Founded in Paris in 1887, the International Herald Tribune is a daily newspaper that was, originally, the European edition of the New York Herald. That paper merged with the New York Tribune and became the Herald Tribune in 1924. The Herald Tribune ceased publication in 1966 and the Washington Post, together with the New York Times, took over the International Herald Tribune. In 2002, the Times bought out its partner and assumed control of the paper. It covers news throughout the entire world and its editorial headquarters are in Paris, France.The International Herald Tribune reports on world events, business, politics, economics and sports. Over the years, its audience has changed and, today, two-thirds of the readership is non-American. About 51 percent of its readers live outside their country of citizenship, and 29 percent have incomes between $100,000 and $249,900. Printed at 35 sites, the paper is sold in over 180 countries in Europe, the Middle East, Asia and Africa.In 2009, the International Herald Tribune ran a series of articles written by Roger Cohen on the turmoil in Iran and the election campaign of Mir Hussein Moussai, the reformist candidate who sought to unseat Mohmoud Ahmadinejad.
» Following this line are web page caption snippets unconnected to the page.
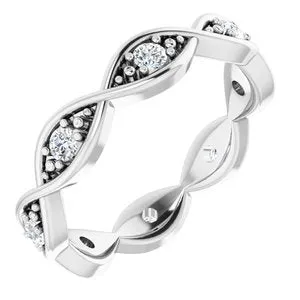 14K White 1/6 CTW Diamond Eternity Band Size 6
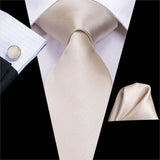 Cravate Hi-Tie blanche et noire à rayures pour homme, couleur unie, en soie, pour mariage, mouchoir, boutons de manchette, créateur de mode, livraison directe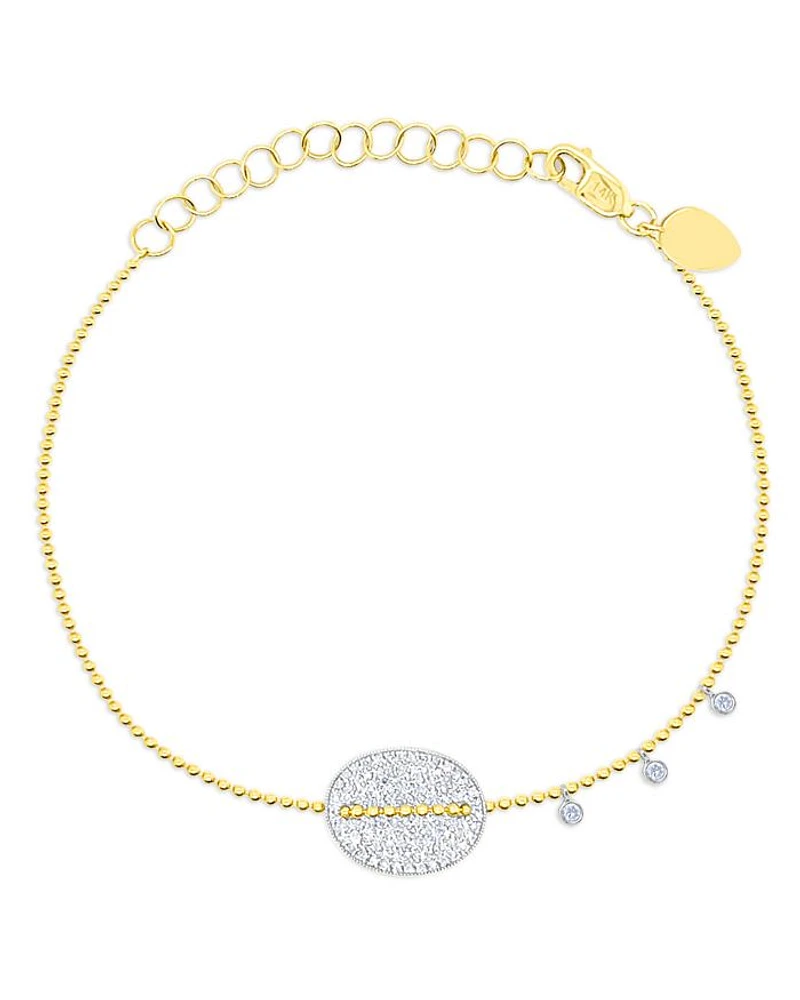 14K Yellow & 14K White Gold Diamond Oval Bead Chain Bracelet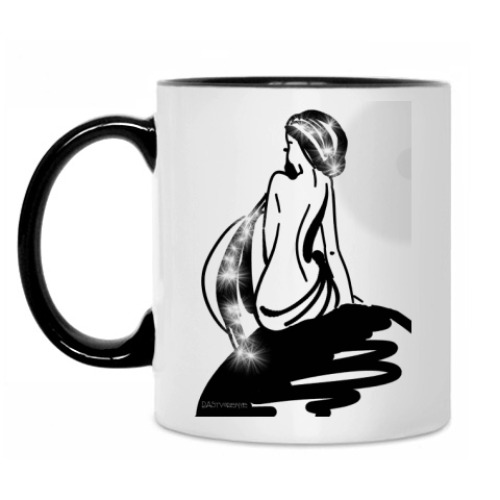 Кружка с принтом Русалка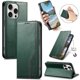 thumbnail image 5 of Funda tipo cartera para iPhone 16 Pro Max de piel con cierre magnético, ranuras para tarjetas y correa para la muñeca Verde, 5 of 6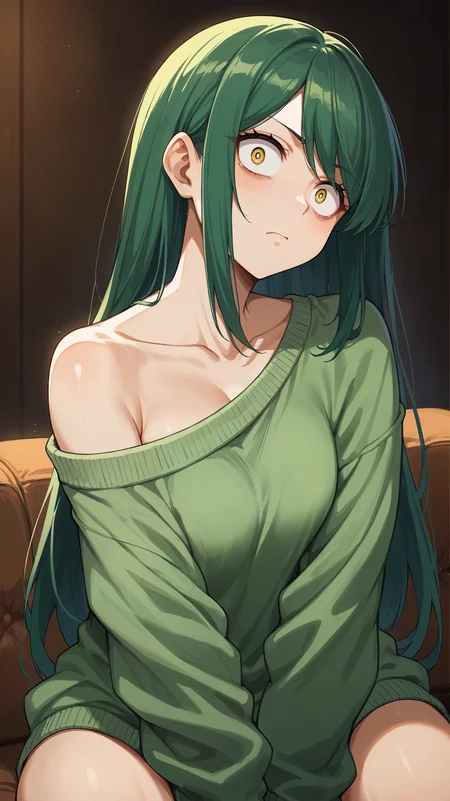 score_9,score_8_up,score_7_up,score_6_up, <lora:xl_more_art-full_v1:0.5>, source_anime, woman, dynamic pose, in profile, <lora:Tomoko Shiretoko (Ragdoll) - Pony:0.8>, long hair, green hair, yellow eyes, green sweater, oversized sweater, bare shoulder, cozy, dark room, bare neck, living room, constricted pupils, brown couch, confused, head tilt,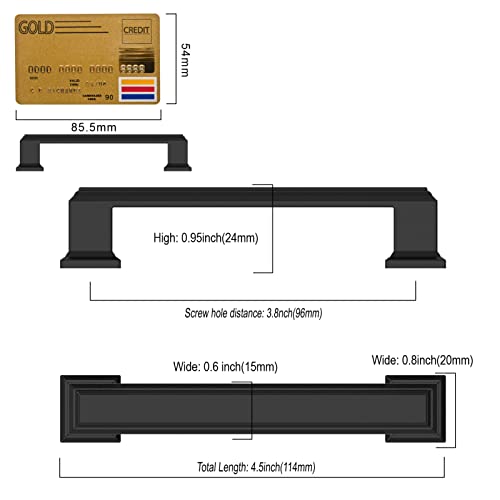 Amerdeco 10 Pack Matte Black Cabinet Pulls 3-3/4 Inch(96mm) Hole Center Cabinet Hardware Kitchen Cabinet Handles for Bathroom Drawer Pulls Dresser Pulls ZH0001 | Cabient Hardware Kitchen Cabinet Handles for Bathroom Drawer Pulls Dresser Pulls ZH0001 - col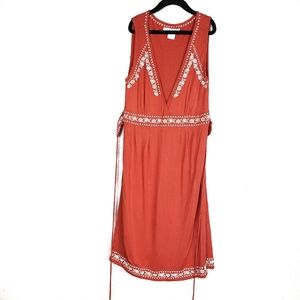 Women's orange fall deep v neck floral small dress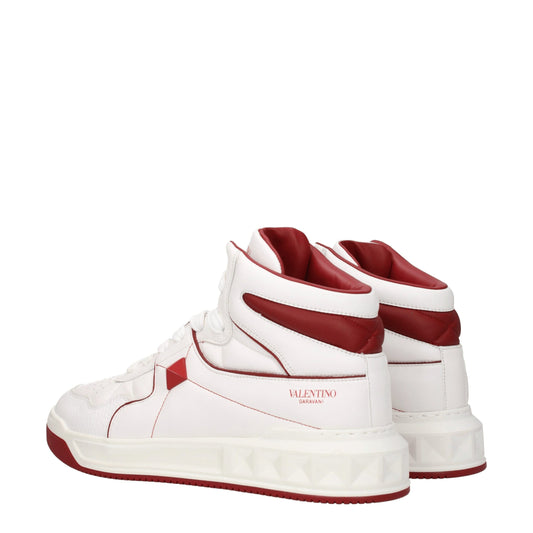 Valentino Garavani White Leather High Top Sneakers - ClickThatClicks 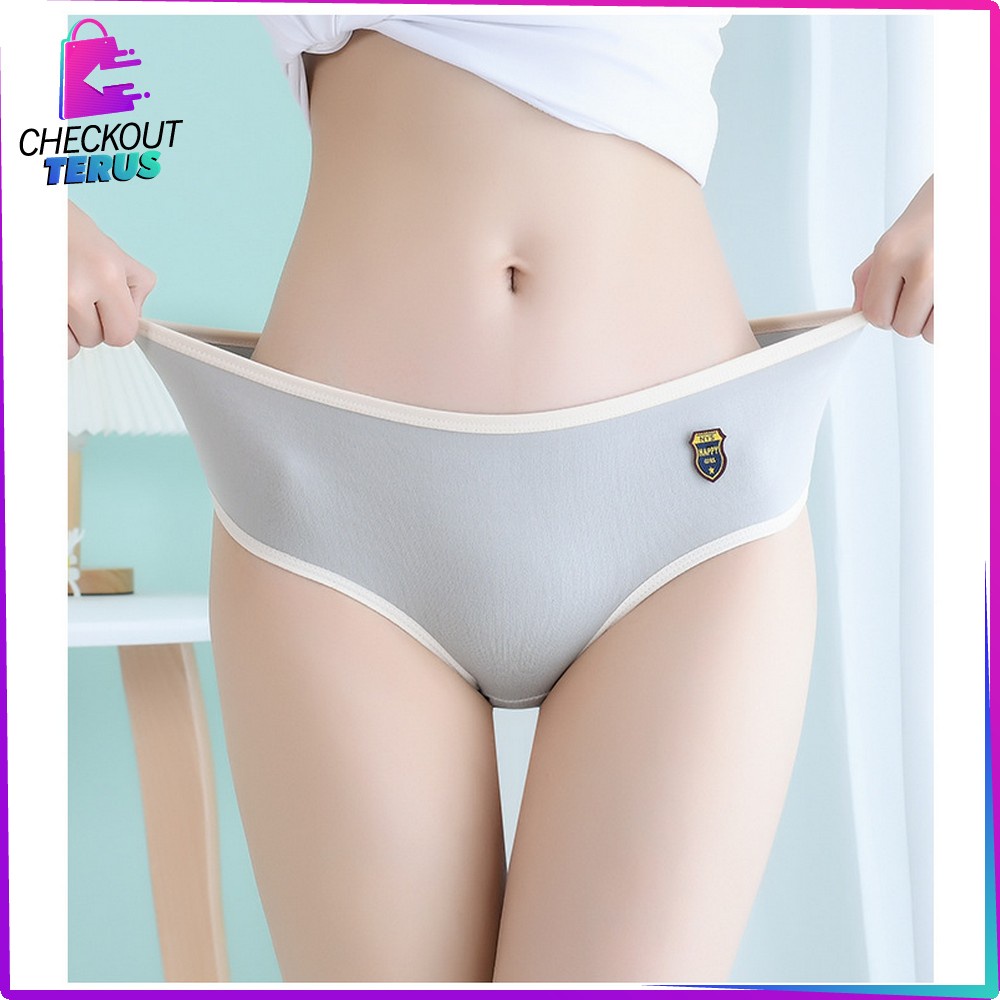 CT P135 Celana Dalam Fashion Wanita Bahan Katun Halus CD Wanita Pendek Panties Segitiga Kolor Wanita Impor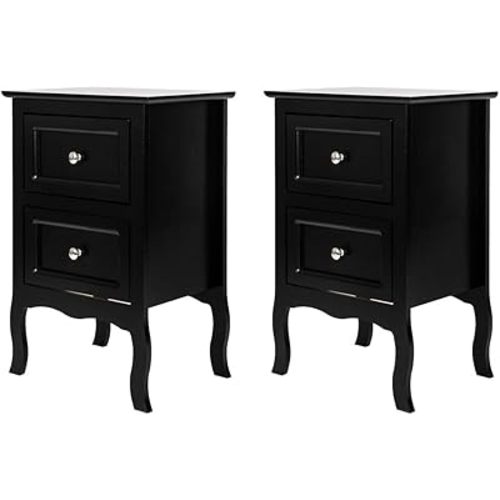 Bonnlo Black Nightstand Set of 2, Nightstands with 2 Drawers, Bed Side Table/Night Stand, Small Nightstand for Bedroom, Small Spaces, College Dorm, Kids’ Room, Living Room, Wood, 16W x 12D x 24H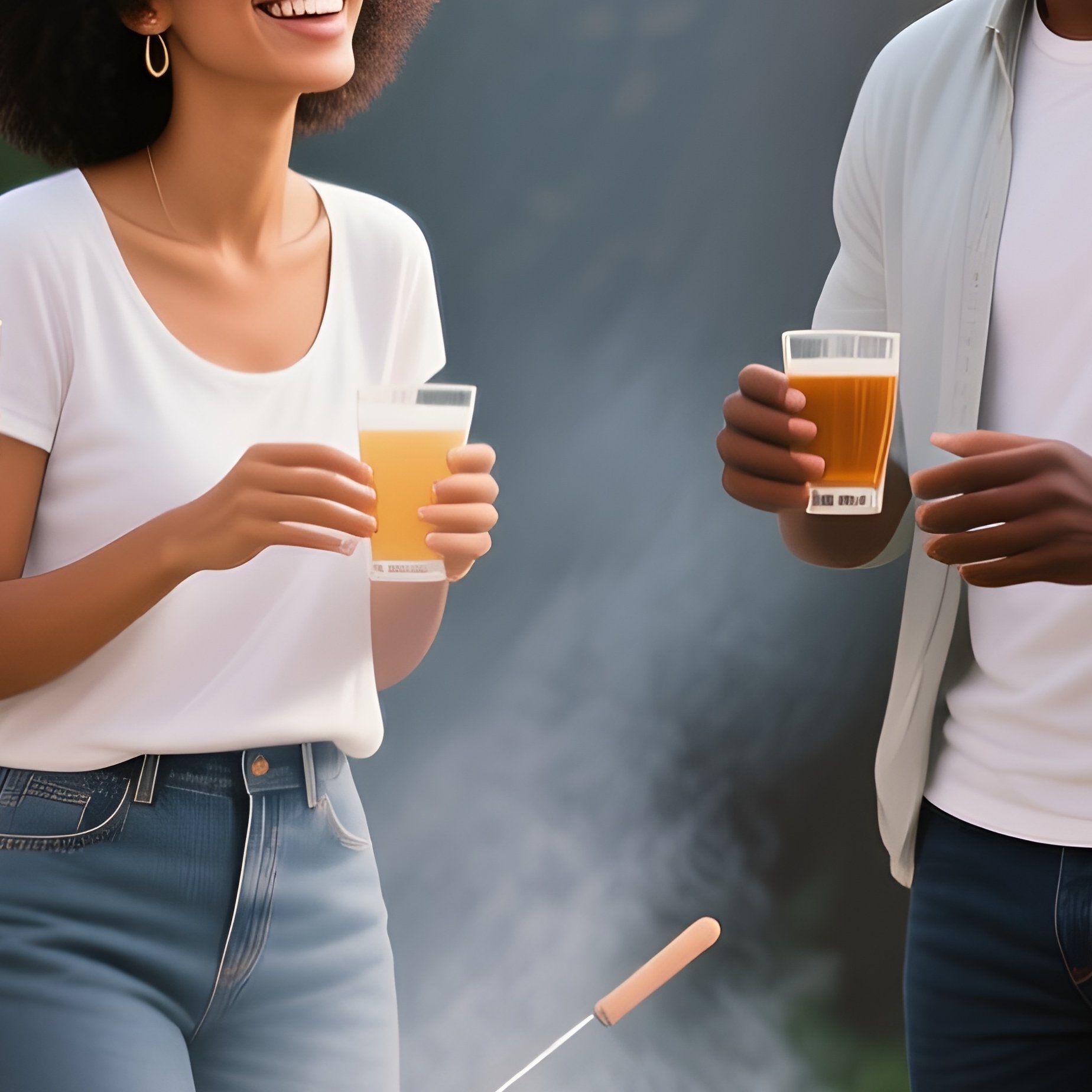Happy White And Black Friends Having A Barbecue In The Backyard. - Full Resolution Quality Preview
As reported, there was an exuberance that vanished after the election and a subsequent clamp down on freedom by the regime, which led to baton wielding police on motorcycles beating people in the streets of Tehran. Alison Smale is the Executive Editor, Stephen Dunbar-Johnson is the Publisher, Phillip McClellan is the Managing Editor and Serge Schmermann is the Editor of the Editorial Page.